*** Opening of Dataset content ***
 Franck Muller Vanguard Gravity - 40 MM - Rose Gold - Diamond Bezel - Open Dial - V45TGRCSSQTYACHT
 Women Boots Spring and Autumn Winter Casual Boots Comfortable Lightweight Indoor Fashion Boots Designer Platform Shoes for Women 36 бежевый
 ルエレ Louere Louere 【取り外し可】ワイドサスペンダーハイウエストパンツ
*** Close of Dataset content ***
• **Task objective**
Starting at the line that contains "Women Boots Spring", copy each line exactly through the end of the listing above. Include that first line and the last one, and add nothing.

• **Exercise output**
 Women Boots Spring and Autumn Winter Casual Boots Comfortable Lightweight Indoor Fashion Boots Designer Platform Shoes for Women 36 бежевый
 ルエレ Louere Louere 【取り外し可】ワイドサスペンダーハイウエストパンツ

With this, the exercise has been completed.